[Web page caption snippets]
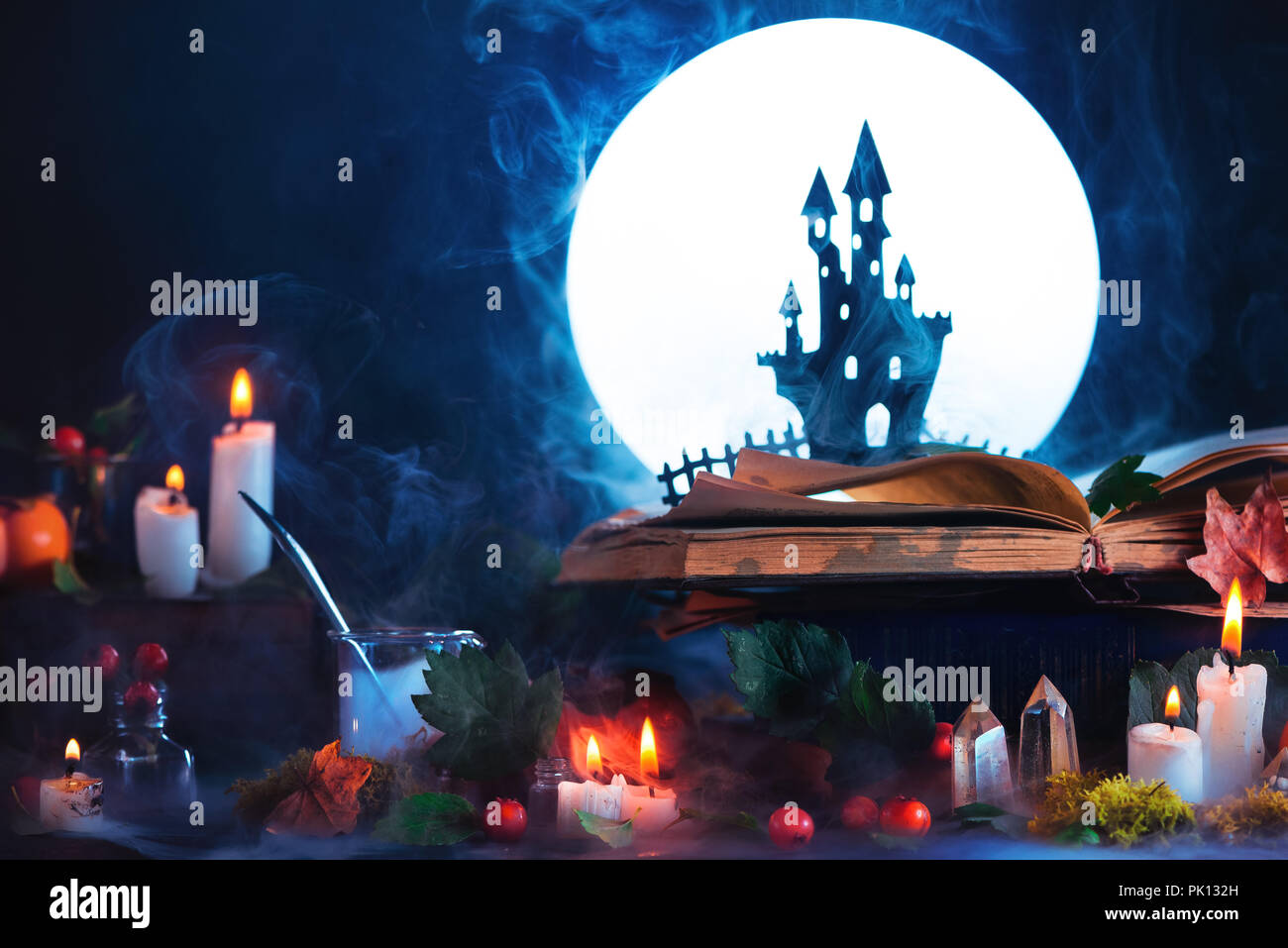 Concetto di Halloween con un haunted castle silhouette di fronte la luna piena. Libro di incantesimi su strega o una procedura guidata sul luogo di lavoro. Magica creativa ancora in vita su Foto Stock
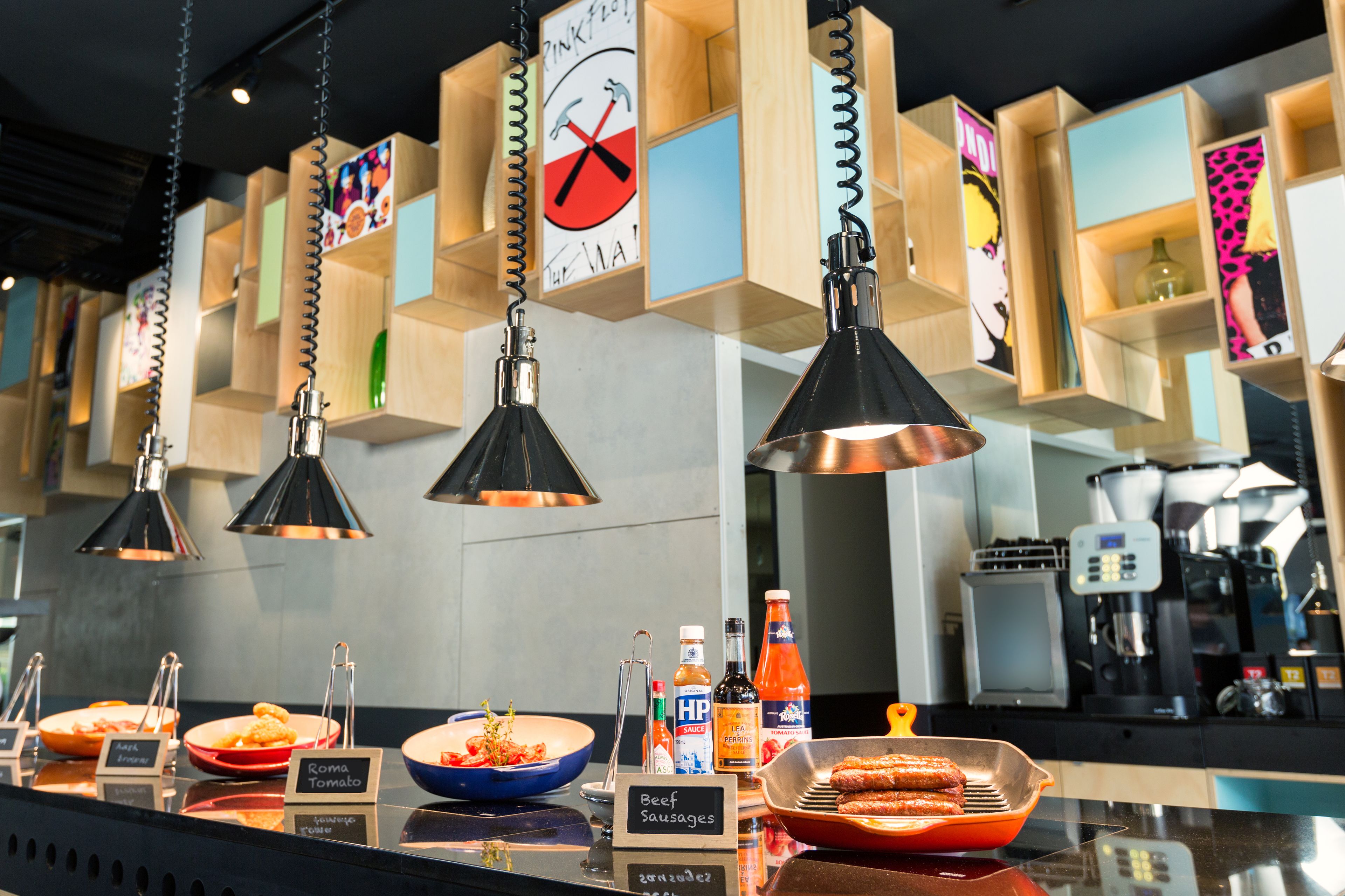 A buffet area with various dishes labeled, including 'Beef Sausages' and 'Roma Tomato'.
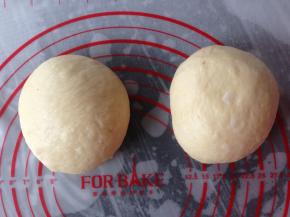 面团发酵好后取出按压排气，分成两等份。滚圆，盖上保鲜膜，松驰25分钟。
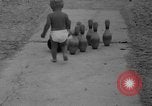 Image of boy on sandy beach United States USA, 1936, second 20 stock footage video 65675047809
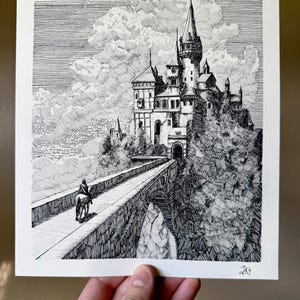 May include: A black and white ink drawing on paper depicting a large castle with multiple towers perched on a rocky cliff. A stone bridge leads to the castle entrance, with a lone figure riding a horse across the bridge. The sky features detailed clouds.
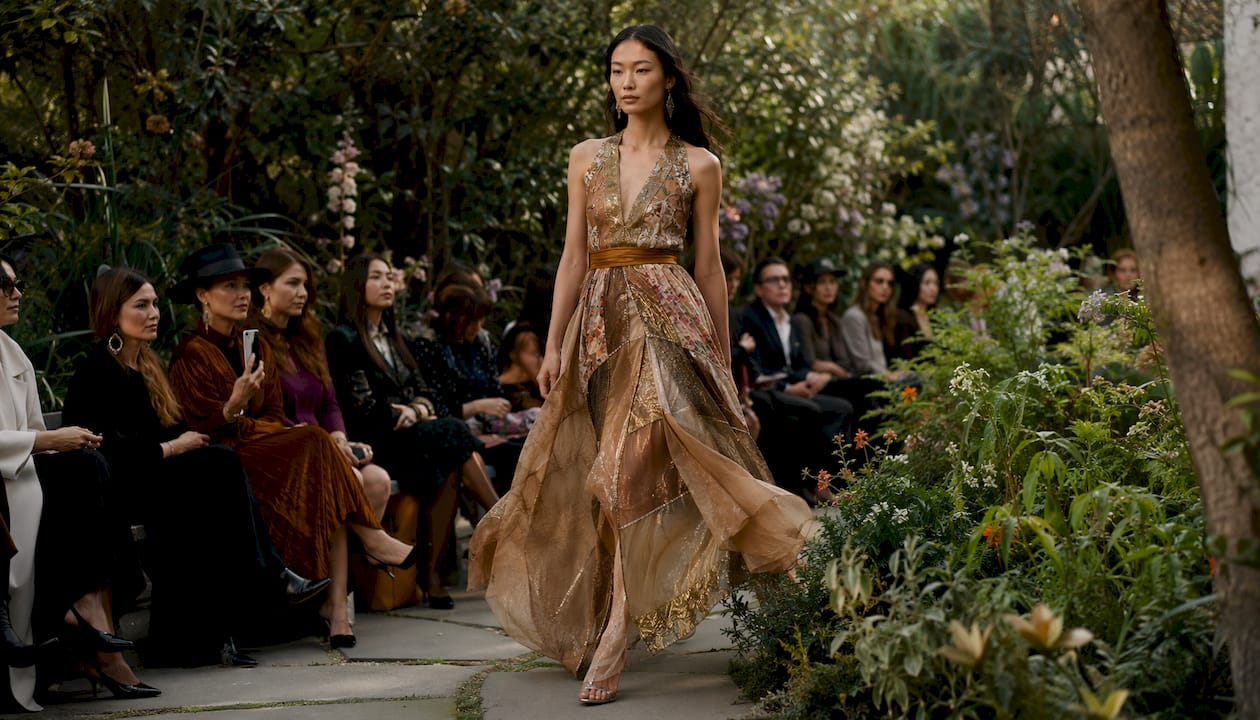 Model showcasing upcycled evening gown on runway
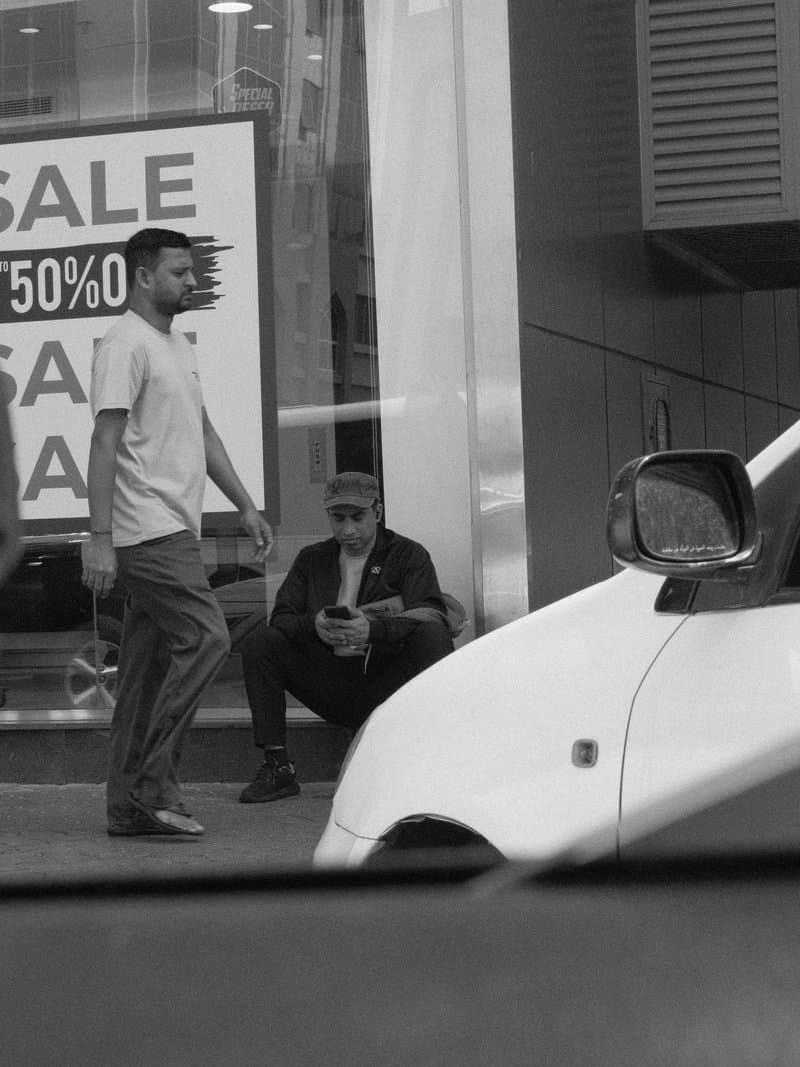A street scene featuring two men, one standing and one sitting, with a sale sign in the background.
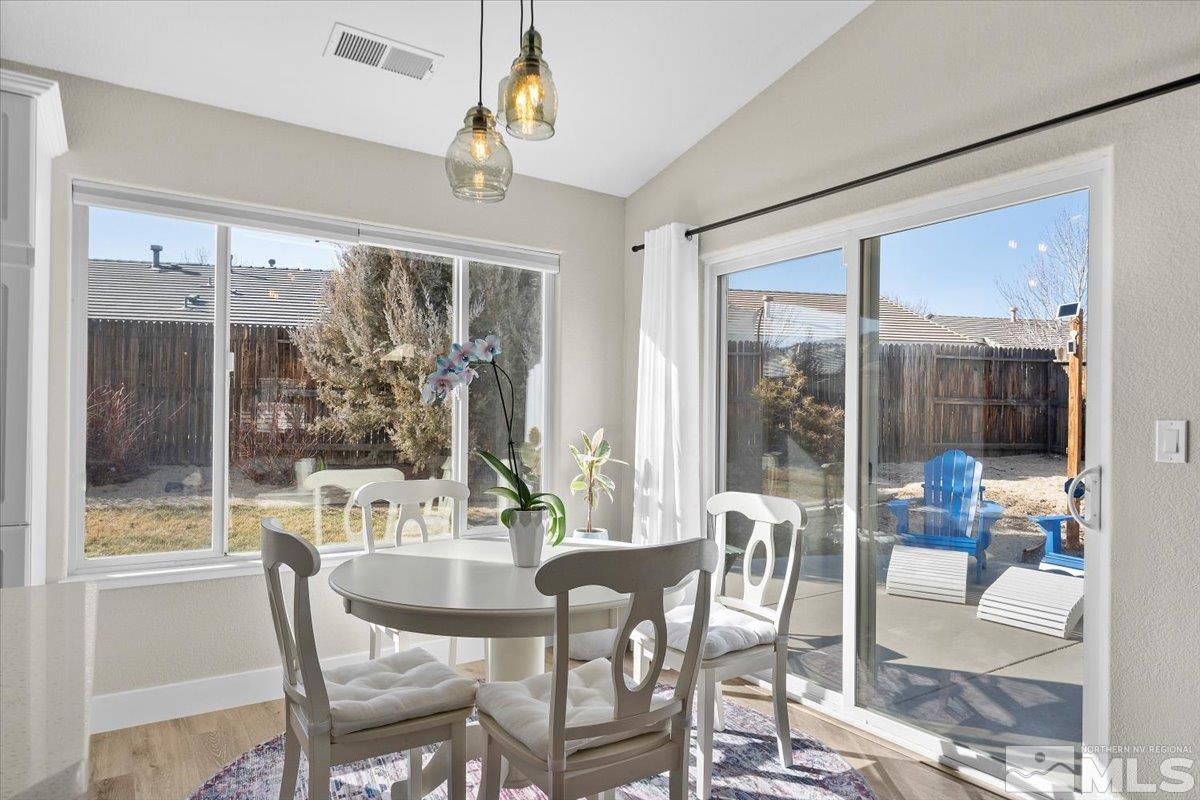 1870 D'Arques Court Reno, NV 89521 - Photo 12 of 33 a dining room with furniture a chandelier and glass door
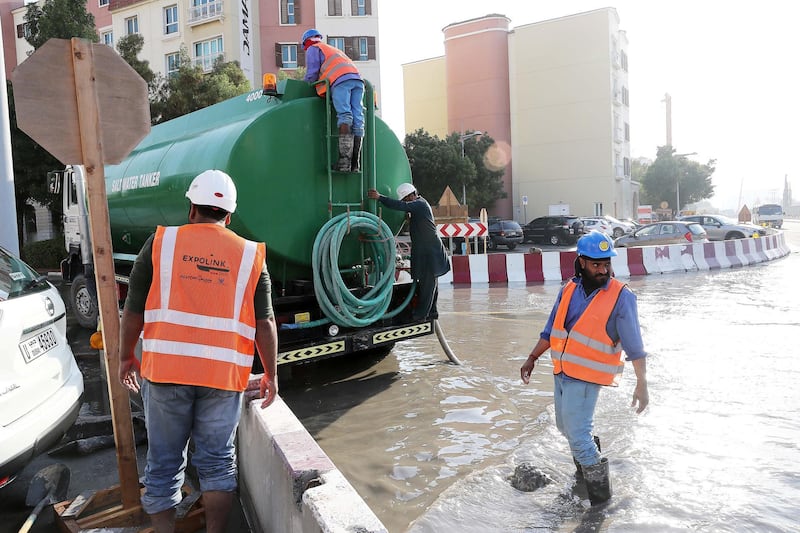 DUBAI , UNITED ARAB EMIRATES , JAN 09 – 2018 :- Workers at the under construction Dubai Metro site pumping out the rain water with the help of water tankers at street 5 in Discovery Gardens area in Dubai.  (Pawan Singh / The National) For News. 
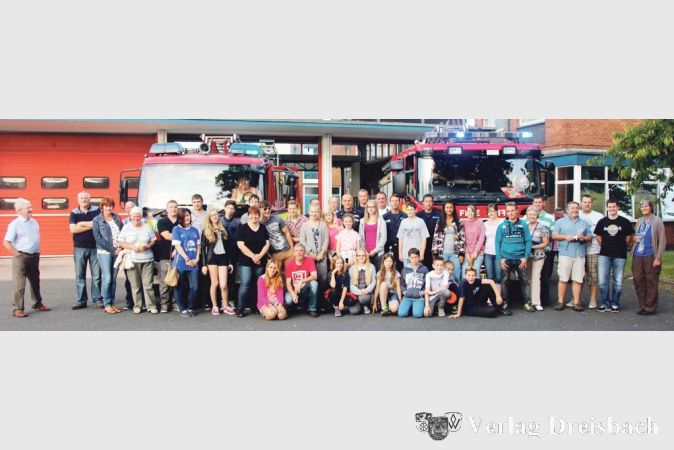 Die Bischofsheimer Nachwuchs-Brandsch&uuml;tzer, in Zivil und vermischt mit den Gastgebern auf einem Foto vereint. Im Hintergrund die Fahrzeughalle in Crewe und zwei Einsatzfahrzeuge der britischen Kollegen.

&nbsp;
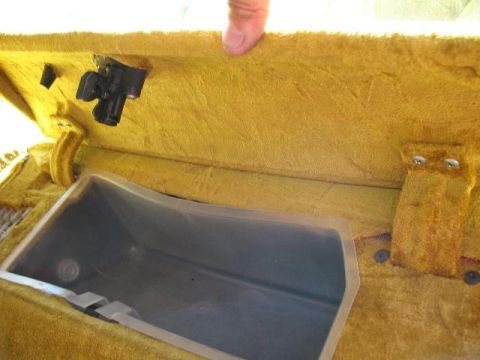 1978 Ford E250 - Interior view of a yellow glove box compartment, showing the latch and the empty bin.
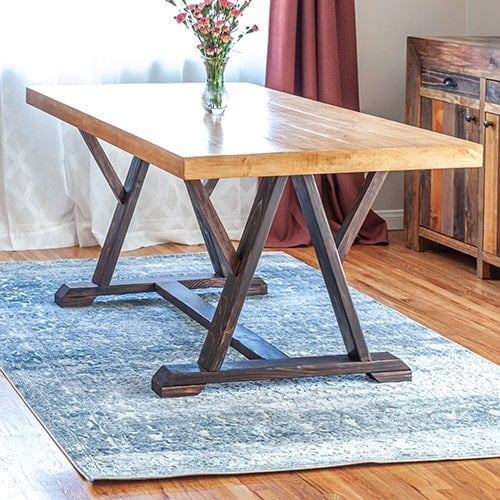 Learn how to build a DIY W-trestle dining table with full step by step tutorial and project video. Plus get the plans to build your own!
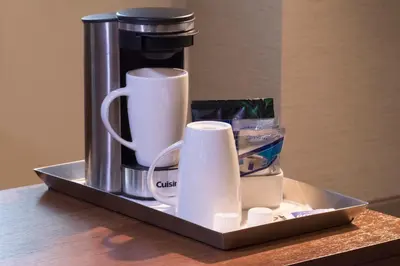 a coffee pot and cups on a tray on a table at The Warwick Hotel Rittenhouse Square Philadelphia in Philadelphia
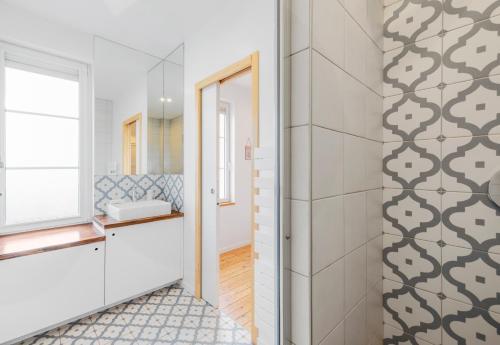 ein Bad mit einem Waschbecken und einem Spiegel in der Unterkunft la mini-Villa du Thar - jardin, plage 300m, babyfoot, arcade in Saint-Pair-sur-Mer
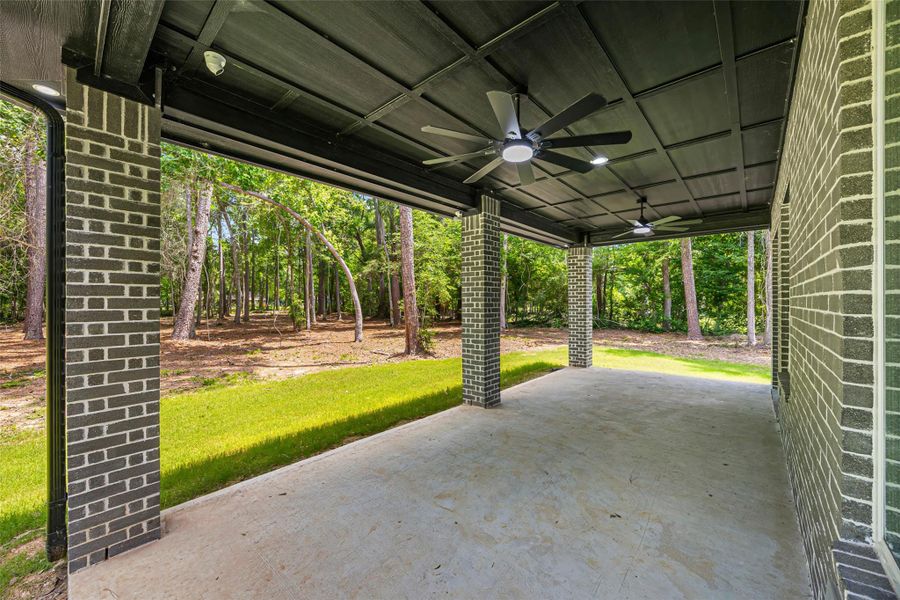 Exterior details and patio area of a home in , Splendora (Image 29).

== Your task ==
With the pictures omitted, print the lines above exactly, beginning at the line with "Die Bischofsheimer Nachwuchs-Brandsch&uuml;tzer, in" and going on through the line with "a coffee pot".

== Exercise output ==
 Die Bischofsheimer Nachwuchs-Brandsch&uuml;tzer, in Zivil und vermischt mit den Gastgebern auf einem Foto vereint. Im Hintergrund die Fahrzeughalle in Crewe und zwei Einsatzfahrzeuge der britischen Kollegen.

&nbsp;
 1978 Ford E250 - Interior view of a yellow glove box compartment, showing the latch and the empty bin.
 Learn how to build a DIY W-trestle dining table with full step by step tutorial and project video. Plus get the plans to build your own!
 a coffee pot and cups on a tray on a table at The Warwick Hotel Rittenhouse Square Philadelphia in Philadelphia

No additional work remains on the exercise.